No. 20 Miami baseball easily handles business against FIU, extends winning streak to six
Last week it was raining runs for the Miami Hurricanes at FIU.
Wednesday it was more of an intermittent drizzle at Miami — until a four-run seventh inning proved ample insurance for the Canes’ sixth consecutive victory, this one 8-3 over the Panthers.
One week after Miami’s 21-1 blowout of FIU, the No. 20 Hurricanes again dominated, although with not nearly as ridiculous a result.
UM (17-8, 10-7 ACC) scattered six hits, including a pair of two-run homers in the seventh — the first by freshman shortstop Dominic Pitelli for his first collegiate home run; and the next by freshman Yohandy Morales.
The Canes used six pitchers (including winning starter Alex McFarlane) who gave up a combined six hits. Originally scheduled starter Jake Garland was unavailable for unspecified reasons, though UM coach Gino DiMare said he hoped Garland would be back by this weekend’s three-game series at Pittsburgh.
“You don’t do that very often,’’ DiMare said, “where you kind of just put a whole bunch of guys together there. It ended up working out and why it ended up working out is because they all threw well.
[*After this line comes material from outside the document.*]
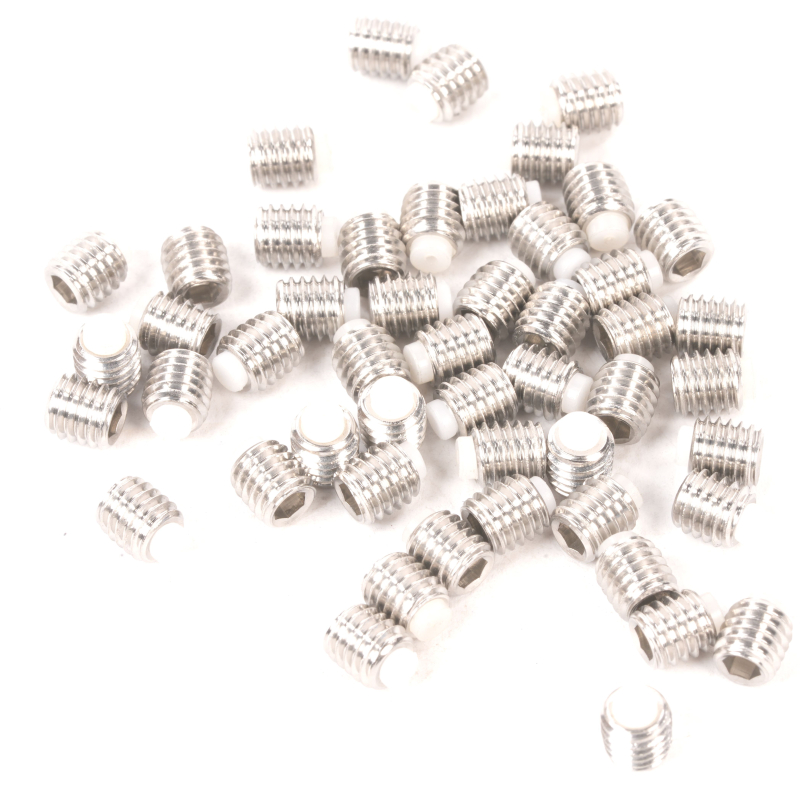 SEGWAY Schraube 5*6 E45Ds (Original)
We pitched really well, all the pitchers, played very good D — and of course great job of answering [with runs].
“Just very happy with the way we played.’’
FIU (12-15, 4-4 C-USA) opened the scoring in the top of the fourth on a 2-run blast by Luis Chavez off McFarlane to left field, driving home Adrian Figueroa (single).
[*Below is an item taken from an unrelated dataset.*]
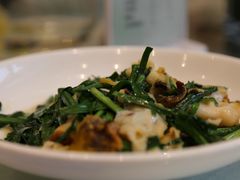 -双井轩(双井店)
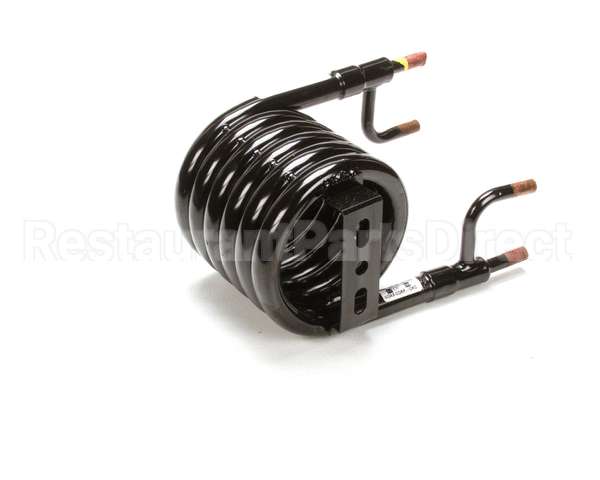 102102101 Kold-Draft Liquid Cooled Condenser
The Canes pieced together three runs in a bit of a strange bottom of the fourth, using one hit-and-run single by Anthony Vilar, two balks (one apiece by two pitchers), a walk and hit-by-pitch to take the lead.
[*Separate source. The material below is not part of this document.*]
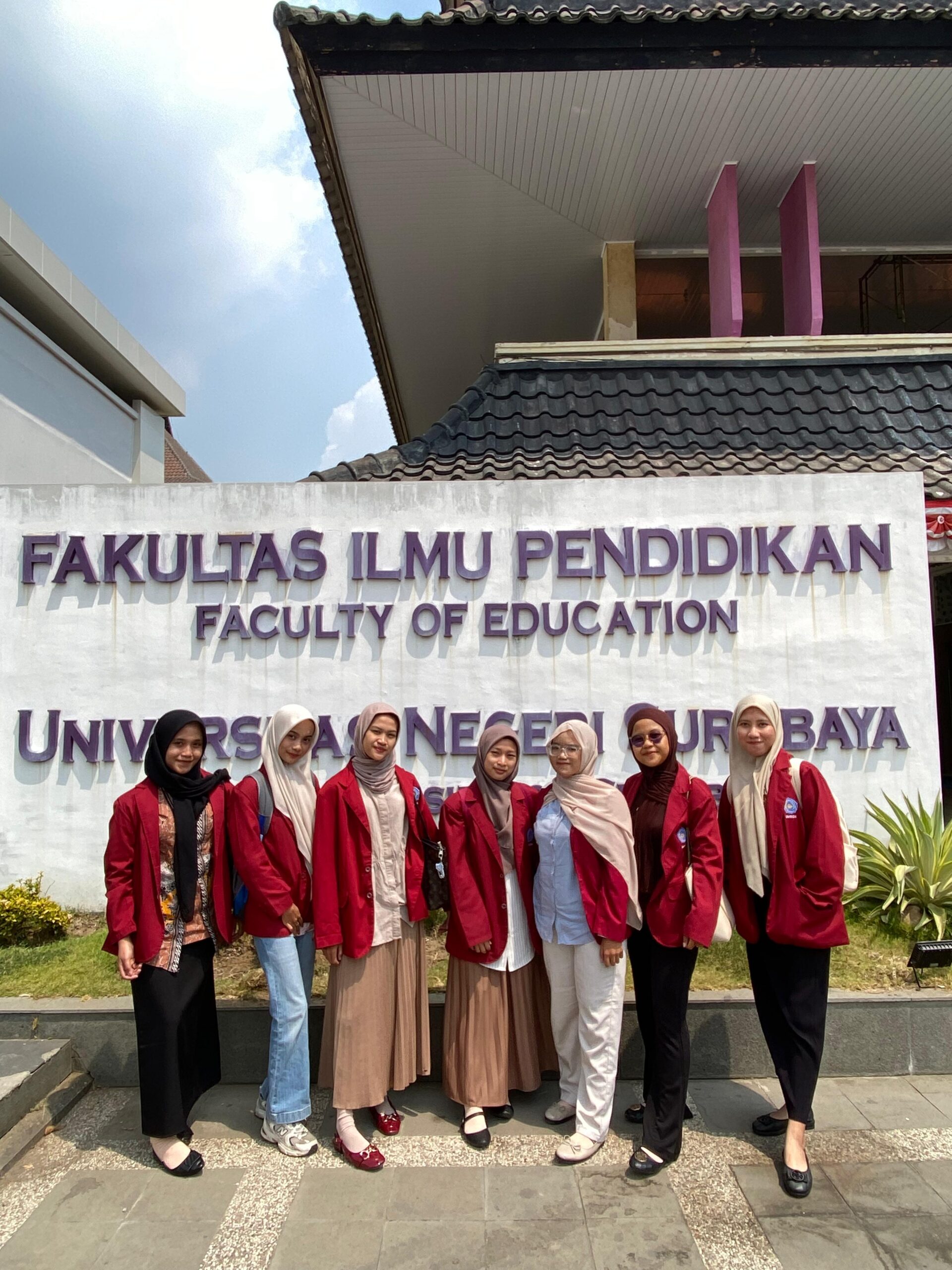 pertukaran mahasiswa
Right fielder Gabe Rivera’s perfect throw to catcher Carlos Perez nailed FIU’s Seth Cannady at home plate to preserve UM’s lead in the fifth. The Rivera-Perez duo came right back to combine for Miami’s fourth run, with Rivera’s single followed by Perez’s RBI-double.
FIU freshman Dante Girardi hit his first career homer to left field to cut UM’s lead to 8-3 in the seventh.
Jermaine Vanheyningen (0-2) allowed three runs on one hit, a walk, balk and hit batter to take the loss.